Material supplied »
────

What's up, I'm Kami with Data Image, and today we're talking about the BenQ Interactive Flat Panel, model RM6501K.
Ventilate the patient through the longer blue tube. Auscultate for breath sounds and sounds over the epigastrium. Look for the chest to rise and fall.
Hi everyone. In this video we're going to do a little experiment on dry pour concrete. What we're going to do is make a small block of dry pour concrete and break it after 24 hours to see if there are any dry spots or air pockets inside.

────

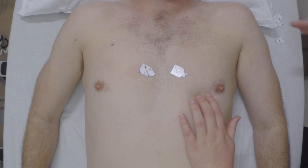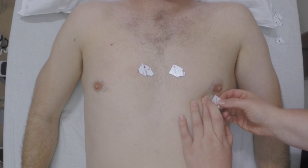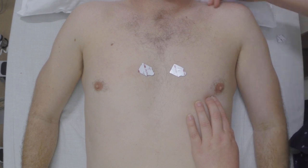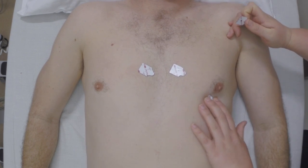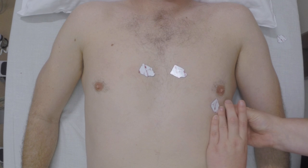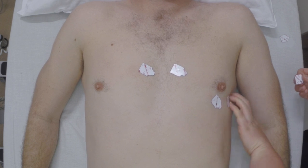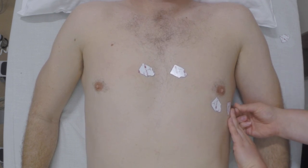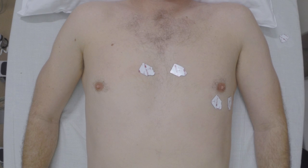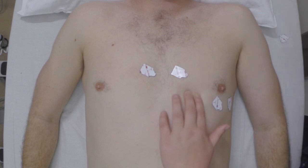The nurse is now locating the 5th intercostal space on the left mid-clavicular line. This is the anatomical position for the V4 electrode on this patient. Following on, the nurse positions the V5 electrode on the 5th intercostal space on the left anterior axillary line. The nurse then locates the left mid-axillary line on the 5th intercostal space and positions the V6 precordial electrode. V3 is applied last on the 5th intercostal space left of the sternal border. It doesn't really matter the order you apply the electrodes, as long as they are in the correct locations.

────

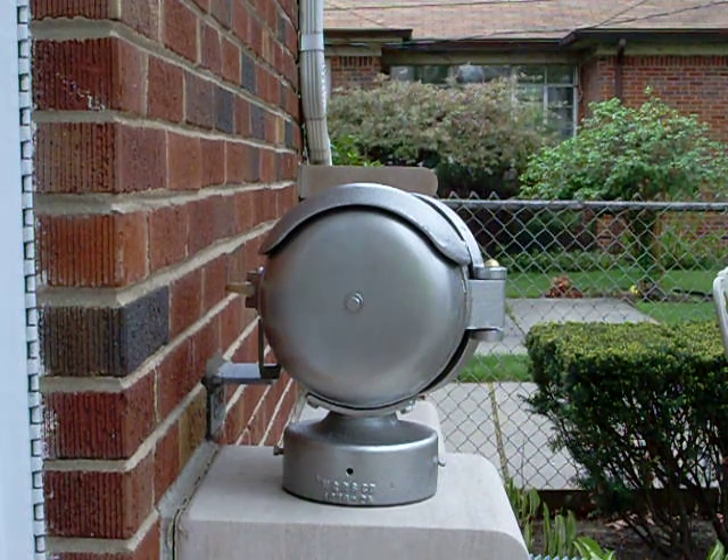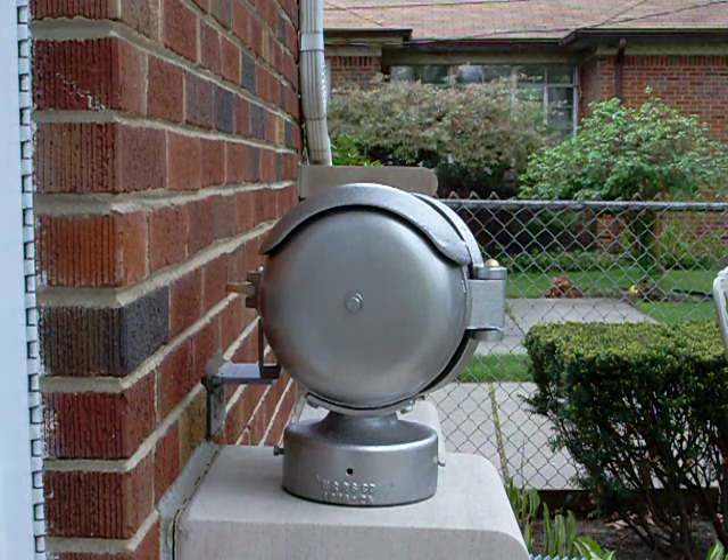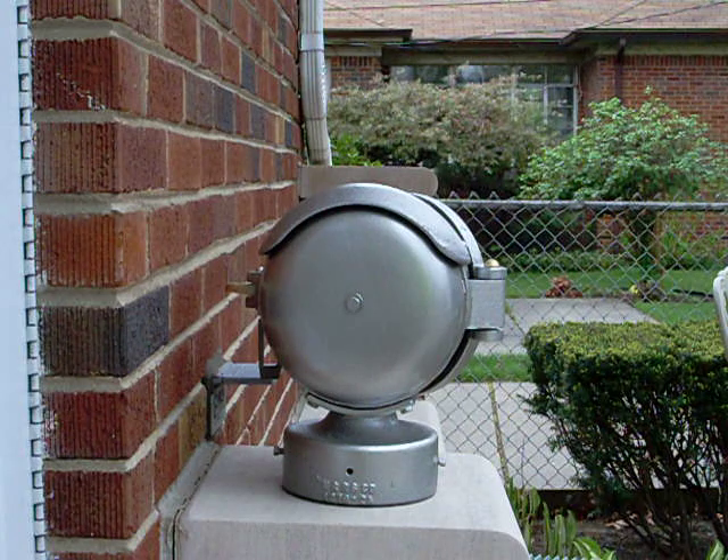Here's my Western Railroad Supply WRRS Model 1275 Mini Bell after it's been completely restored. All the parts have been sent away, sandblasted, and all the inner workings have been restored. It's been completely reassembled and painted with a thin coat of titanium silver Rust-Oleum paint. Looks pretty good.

────

Which lines of the records contain "What"? Show each of them.

What's up, I'm Kami with Data Image, and today we're talking about the BenQ Interactive Flat Panel, model RM6501K.
Hi everyone. In this video we're going to do a little experiment on dry pour concrete. What we're going to do is make a small block of dry pour concrete and break it after 24 hours to see if there are any dry spots or air pockets inside.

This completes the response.